Re: Tuning planner cost estimates

From: "Jim C(dot) Nasby" <decibel(at)decibel(dot)org>
To: Josh Berkus <josh(at)agliodbs(dot)com>
Cc: pgsql-performance(at)postgresql(dot)org
Subject: Re: Tuning planner cost estimates
Date: 2005-05-20 22:49:17
Message-ID: 20050520224917.GN44623@decibel.org
Views: Raw Message | Whole Thread | Download mbox | Resend email
Thread:
Lists: pgsql-performance

On Fri, May 20, 2005 at 03:23:16PM -0700, Josh Berkus wrote:
> Jim,
>
> > Well, that raises an interesting issue, because AFAIK none of the cost
> > estimate functions currently do that. Heck, AFAIK even the piggyback
> > seqscan code doesn't take other seqscans into account.
>
> Sure. But you're striving for greater accuracy, no?
>
> Actually, all that's really needed in the way of concurrent activity is a
> calculated factor that lets us know how likely a particular object is to be
> cached, either in the fs cache or the pg cache (with different factors for
> each presumably) based on history. Right now, that's based on
> estimated_cache_size, which is rather innacurate: a table which is queried
> once a month has the exact same cost factors as one which is queried every
> 2.1 seconds. This would mean an extra column in pg_stats I suppose.

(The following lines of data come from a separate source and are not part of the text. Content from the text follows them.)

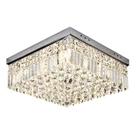 Plafon Maju Quadrado Cromado Com Cristal Transparente Para 9 Lâmpadas G9 Eletrorastro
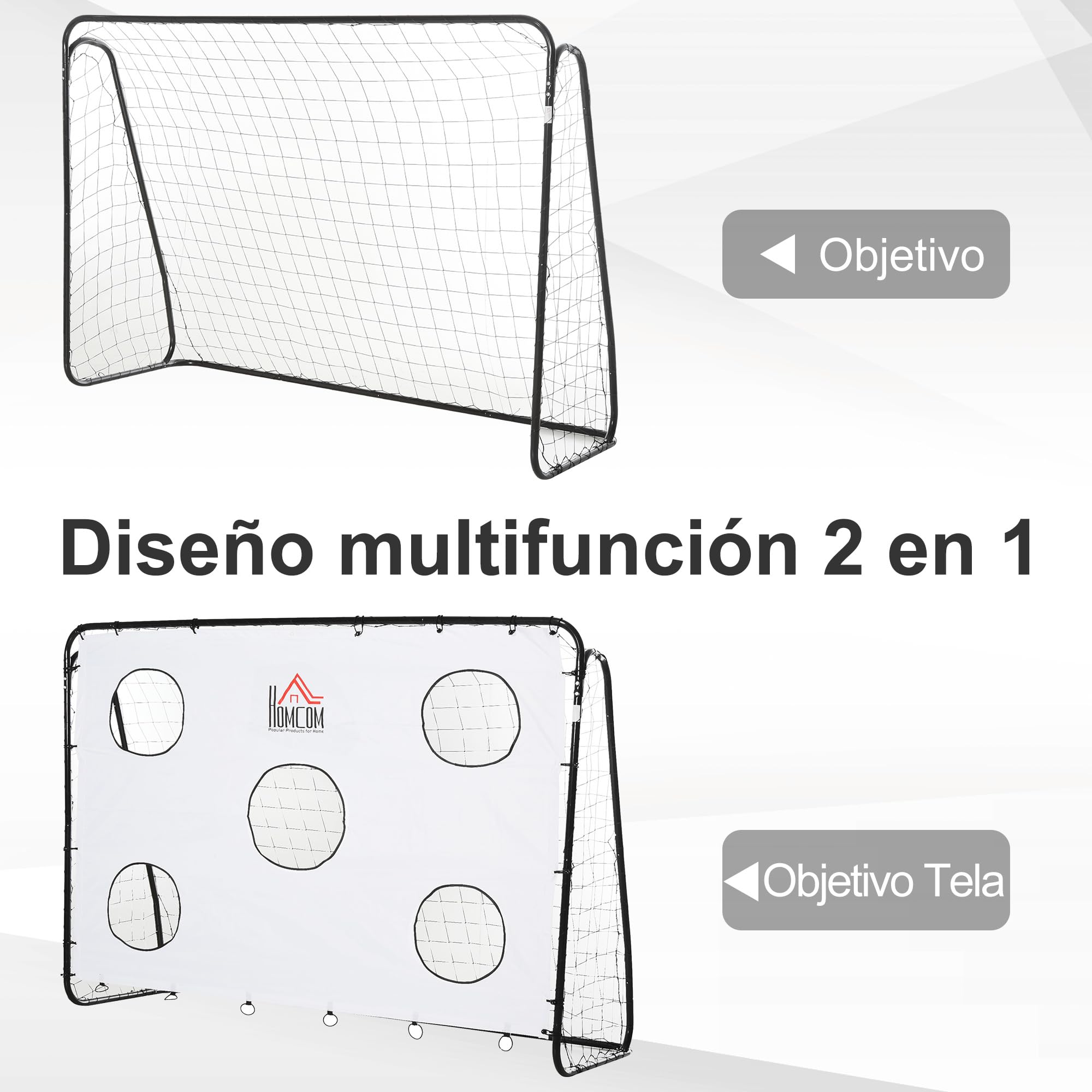 HOMCOM Portería de Fútbol Puerta de Fútbol con Soporte de Metal Lona de Precisión y Red para Entrenamiento de Fútbol en Jardín Aire Libre 240x88x174 cm Blanco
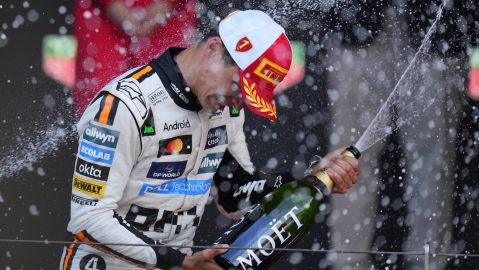 Lando Norris celebra su tiunfo.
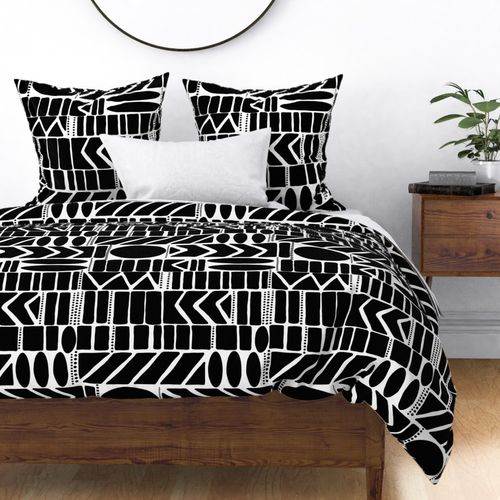 Large scale striking geometric boho aztec ethnic black accents on white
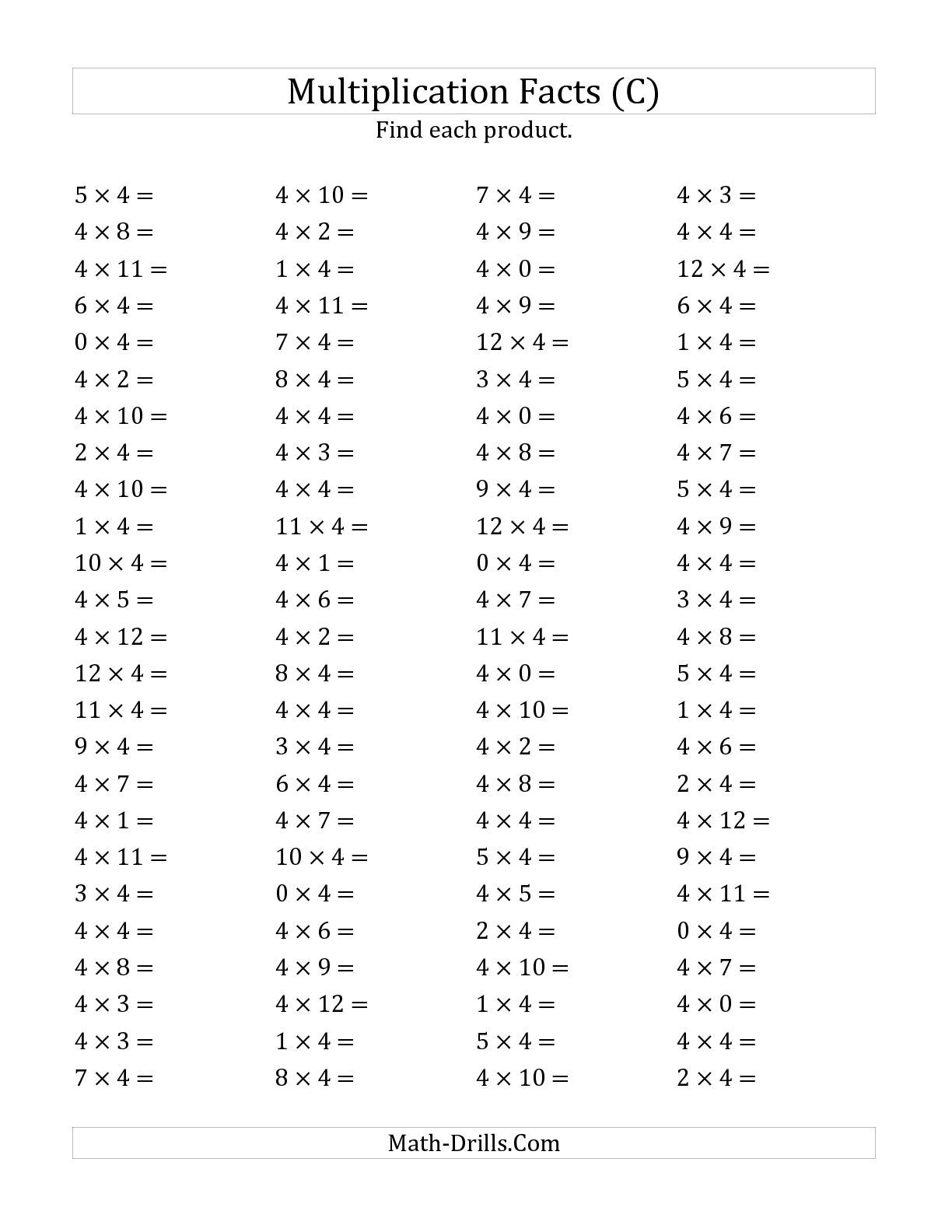 The Multiplying 0 To 124 (C) Math Worksheet From The with regard to Printable Multiplication Worksheets 0-4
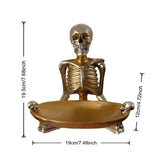 Qfdian  Skeleton Resin Tray Gothic Home Decor Halloween Desktop Storage Dish Spooky Jewelry Organizer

True, though that's a somewhat different issue that what the load on the
box is (see the reply I just posted). Load on the box (particuarly IO
load) will also play a factor for things; for example, it probably means
seqscans end up costing a lot more than random IO does, because the disk
heads are being sent all over the place anyway.

> > But ultimately, I'm not sure if this is really required or not, because
> > I don't see that we need to use explain when running queries. In fact,
> > it's possibly desireable that we don't, because of the overhead it
> > incurs. We would want to log an explain (maybe analyze) just to make
> > sure we knew what the optimizer was doing, but I think we shouldn't need
> > the info to produce cost estimates.
>
> Well, the problem is that you need to know how much time the index scan took
> vs. other query steps. I don't see a way to do this other than an anayze.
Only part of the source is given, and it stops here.